Records for this task
☆ ☆ ☆ ☆ ☆ ☆ ☆
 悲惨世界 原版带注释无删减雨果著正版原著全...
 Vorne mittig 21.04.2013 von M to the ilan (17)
☆ ☆ ☆ ☆ ☆ ☆ ☆
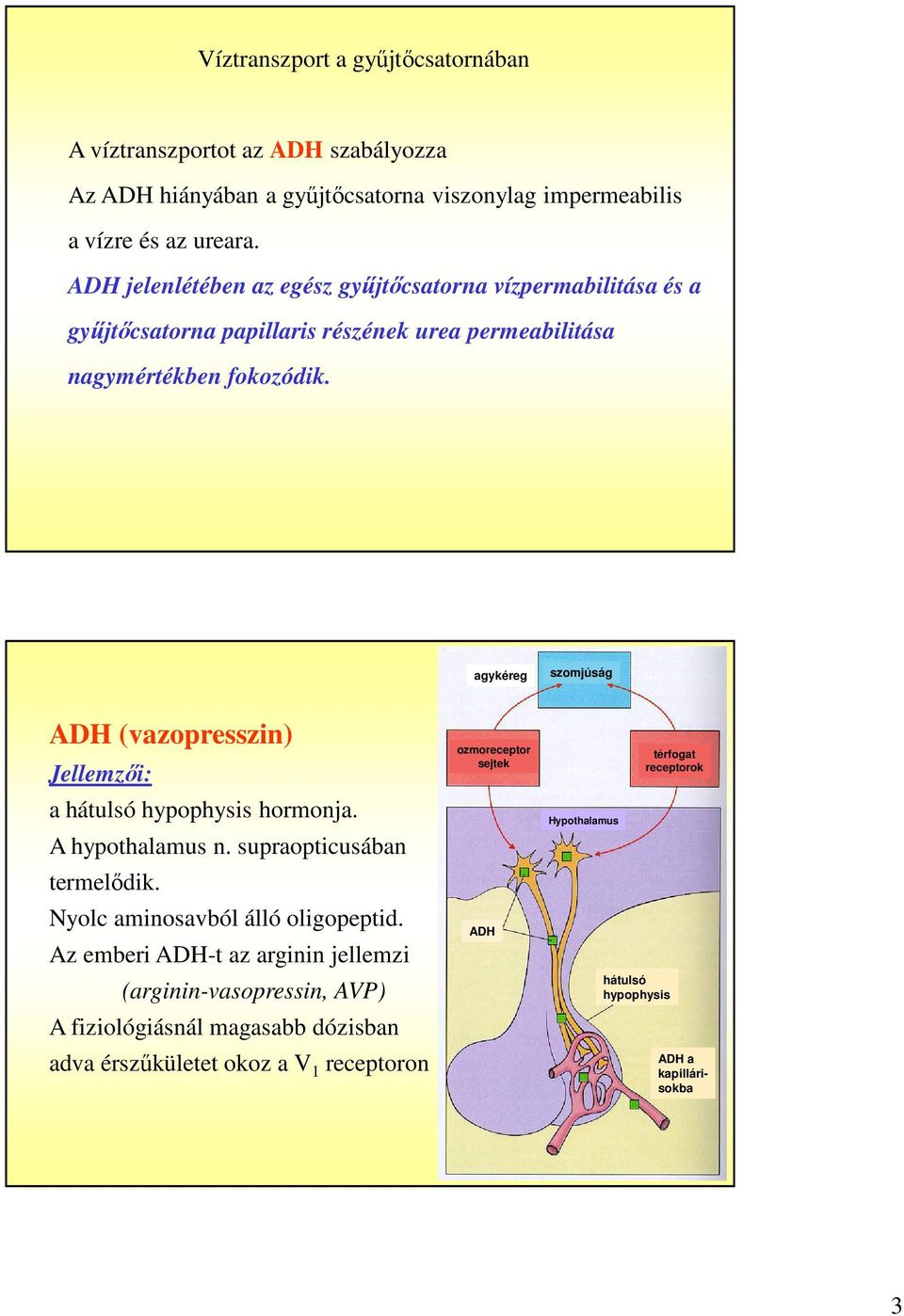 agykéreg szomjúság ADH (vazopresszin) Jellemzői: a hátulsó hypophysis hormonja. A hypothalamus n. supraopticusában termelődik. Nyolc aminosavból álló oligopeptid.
☆ ☆ ☆ ☆ ☆ ☆ ☆
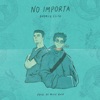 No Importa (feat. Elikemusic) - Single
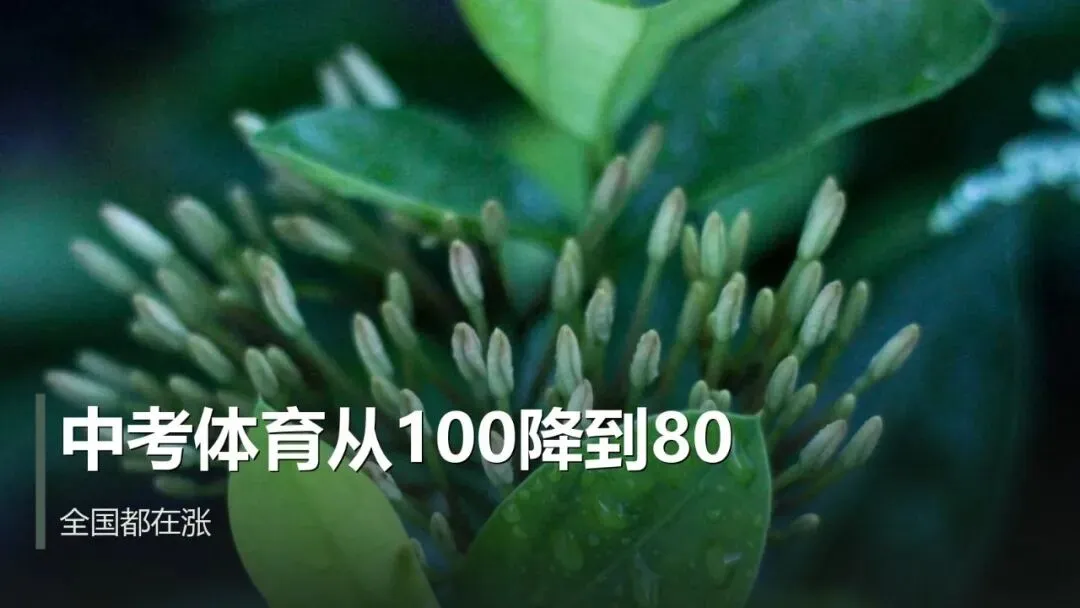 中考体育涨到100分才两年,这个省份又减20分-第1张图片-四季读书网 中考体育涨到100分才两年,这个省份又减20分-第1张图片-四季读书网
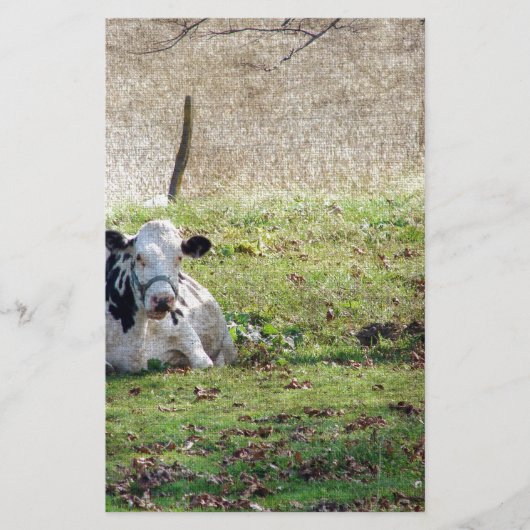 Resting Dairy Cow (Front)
☆ ☆ ☆ ☆ ☆ ☆ ☆
Restate word for word the entries above, starting at the line with "悲惨世界 原版带注释无删减雨果著正版原著全..." and ending at the line with "Vorne mittig 21.04.2013", inclusive, and no others.

 悲惨世界 原版带注释无删减雨果著正版原著全...
 Vorne mittig 21.04.2013 von M to the ilan (17)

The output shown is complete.